### Your instructions
Repeat only the lines below that run from the line with "Pantalon Back To" to the line with "Tower of God Chapter 566 - Page 46", ends included; skip every picture.

### Dataset extract
* * * * *

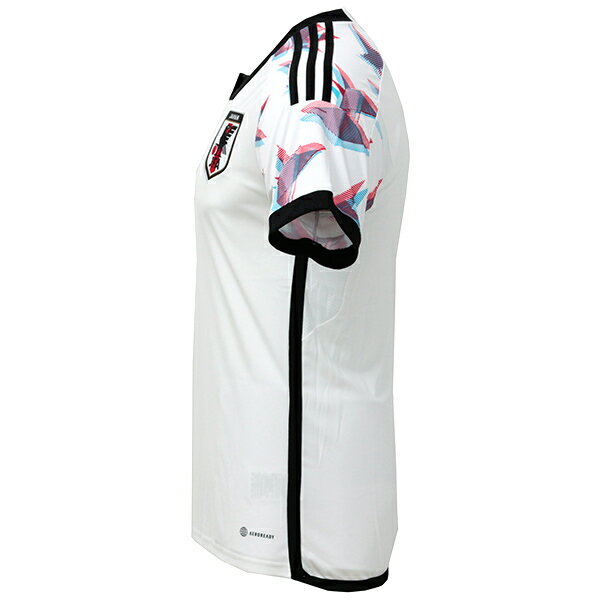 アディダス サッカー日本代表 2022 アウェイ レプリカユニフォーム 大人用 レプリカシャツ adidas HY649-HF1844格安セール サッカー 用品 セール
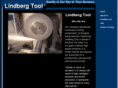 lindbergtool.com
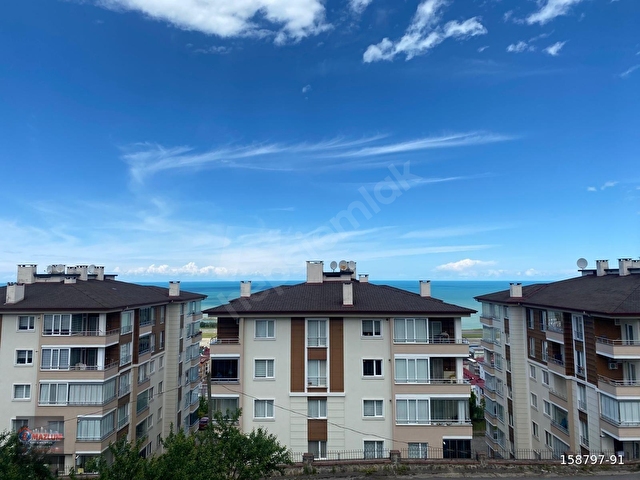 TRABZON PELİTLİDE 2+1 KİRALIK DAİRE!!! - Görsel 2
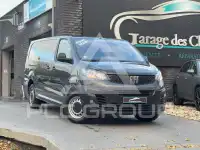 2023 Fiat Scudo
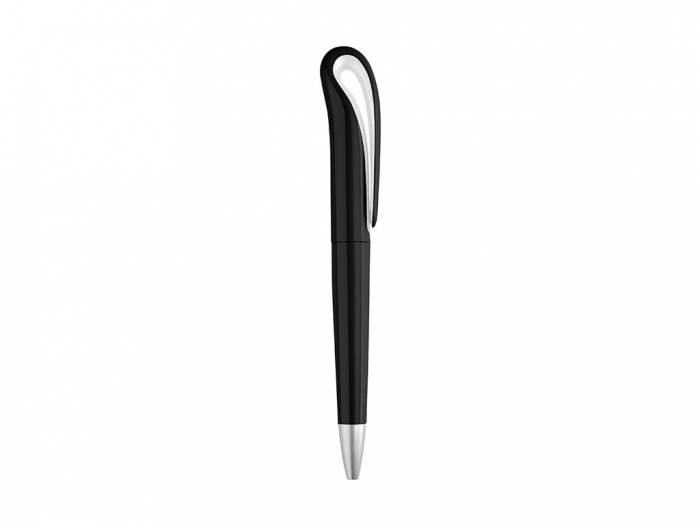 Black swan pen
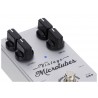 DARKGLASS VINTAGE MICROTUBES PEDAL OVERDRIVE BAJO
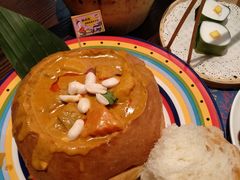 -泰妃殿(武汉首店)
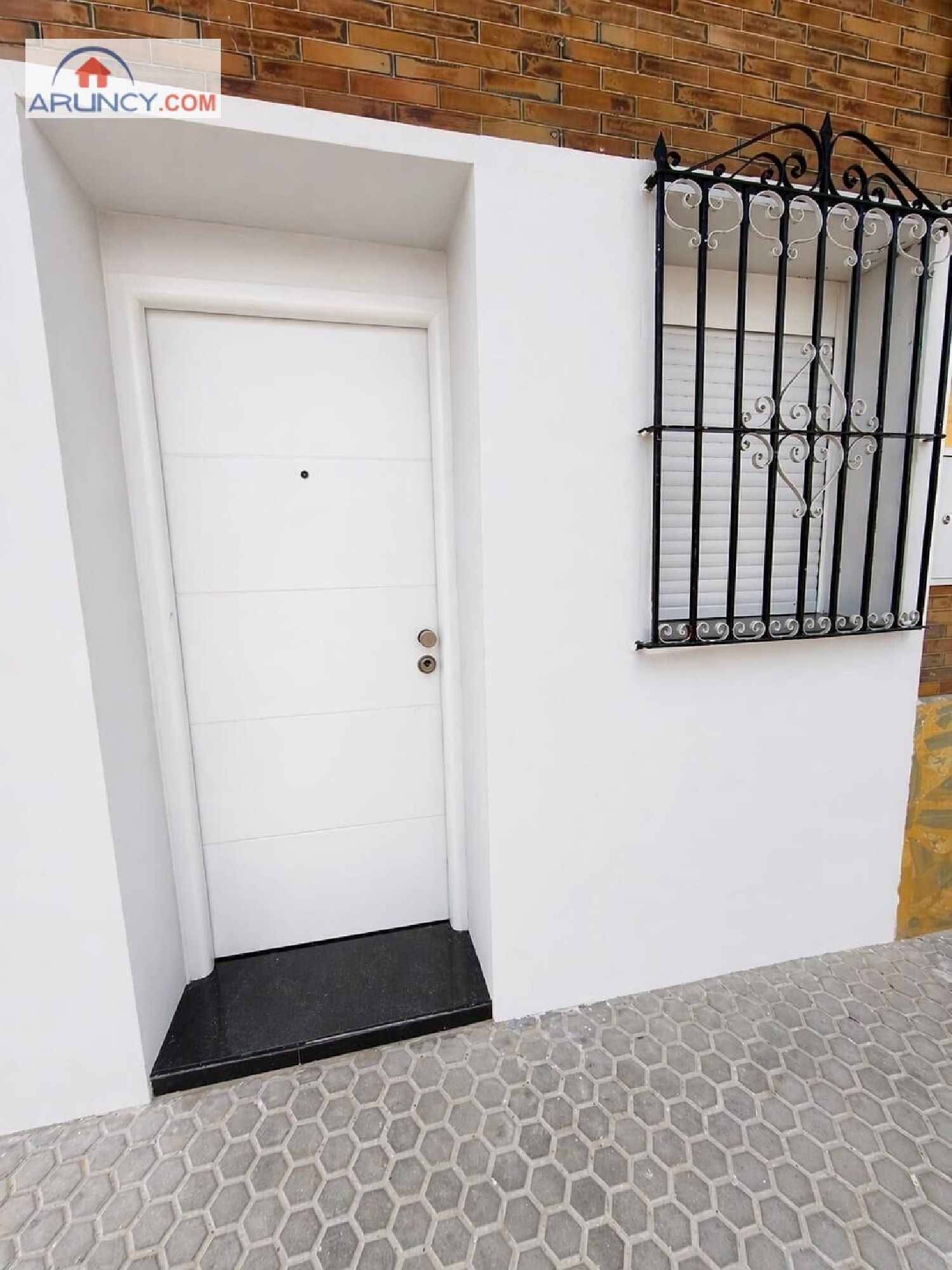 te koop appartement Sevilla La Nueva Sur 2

* * * * *

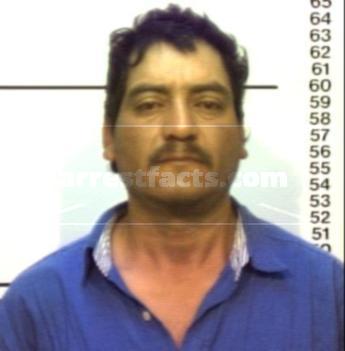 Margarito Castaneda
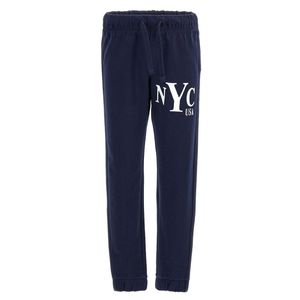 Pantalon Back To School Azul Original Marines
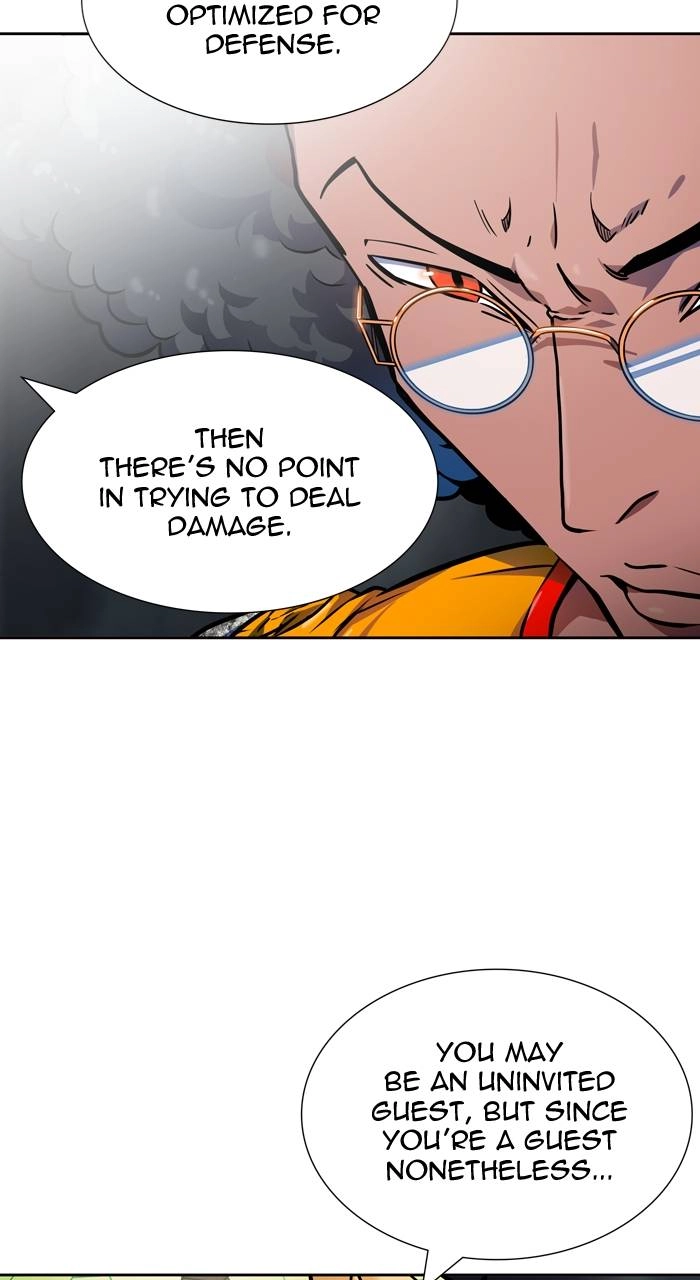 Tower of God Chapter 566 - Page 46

* * * * *

### Output for this exercise
 Pantalon Back To School Azul Original Marines
 Tower of God Chapter 566 - Page 46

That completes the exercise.